Niiiice, very nice.  What do you think of the cooler in general ?


----------



## steelkane (Dec 16, 2008)

Haytch said:


> Niiiice, very nice.  What do you think of the cooler in general ?



It's a well made cooler, I was going to get the true, but I like the mounting setup better on the cooler master. both seem to cool about the same,, but I think the V8 will look better in my Rig


----------



## steelkane (Dec 16, 2008)

It's been a while, but this is my Rig the V8 is going in


----------



## cdawall (Dec 16, 2008)

sweet looking got a link to the server case you bought to mod?


----------



## Mr.President (Dec 16, 2008)

nice mods both of u.


----------



## johnnyfiive (Dec 16, 2008)

awesome job steel!


----------



## WarEagleAU (Dec 16, 2008)

Very good job Steel. I love White LEDS its like the new blue. Love your case too. Thank you for taking the time to do this, looks really easy. I only wish more of the white LED showed through but it looks sick. Kind of like a hidden treasure.


----------



## Duffman (Dec 16, 2008)

crazy box.  what kind of cooler are you upgrading from?


----------



## steelkane (Dec 16, 2008)

cdawall said:


> sweet looking got a link to the server case you bought to mod?

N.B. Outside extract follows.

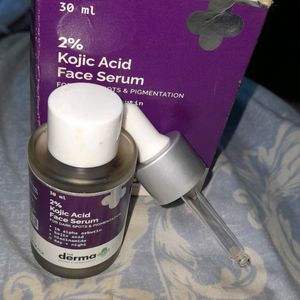 Kojic Acid Face Serum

The case is an old Apex Supercase, about 10 years old, here's an old review on it http://arstechnica.com/reviews/4q99/supercase/apex-atxft-1.html 



WarEagleAU said:


> Very good job Steel. I love White LEDS its like the new blue. Love your case too. Thank you for taking the time to do this, looks really easy. I only wish more of the white LED showed through but it looks sick. Kind of like a hidden treasure.


Thanks,, I like the white leds better myself, Here's something I read about white leds. 
White LEDs have similar ratings to blue ones, because they actually are blue ones - they have a phosphor layer over a blue LED die, which absorbs most of the blue and emits a range of other frequencies to give you a broad-spectrum white result.



Duffman said:


> crazy box.  what kind of cooler are you upgrading from?


Thanks, right now there's a Thermalright Ultima-90 in there,, it's been a good cooler but, I need better to keep the Rig running at 3.8GHZ with a e6850.


----------



## Thrackan (Dec 16, 2008)

That rig is like... three times the size of my own main rig


----------



## trickson (Dec 17, 2008)

What temps are you getting with that monster ? 
OH and it sure looks great !


----------



## Binge (Dec 17, 2008)

Nice mod on that V8.  You'll probably hit temps like a TRUE now.  Style + functionality = win


----------



## steelkane (Dec 17, 2008)

trickson said:


> What temps are you getting with that monster ?
> OH and it sure looks great !


thanks, When I shut it down to install the V8, core temp read 98F at 3.1GHZ, V8 installed Screen Shot







Binge said:


> Nice mod on that V8.  You'll probably hit temps like a TRUE now.  Style + functionality = win


Thanks,, I was hoping to see better temps with it,, they did improve, Here's some pictures of it installed.


----------



## ste2425 (Dec 17, 2008)

thats a really good mod i just have one question, when you soldered the led onto the three pin power cable for the fan how did the fan get powered up? and did you attach the other led onto the same power cable?


----------



## steelkane (Dec 17, 2008)

ste2425 said:


> thats a really good mod i just have one question, when you soldered the led onto the three pin power cable for the fan how did the fan get powered up? and did you attach the other led onto the same power cable?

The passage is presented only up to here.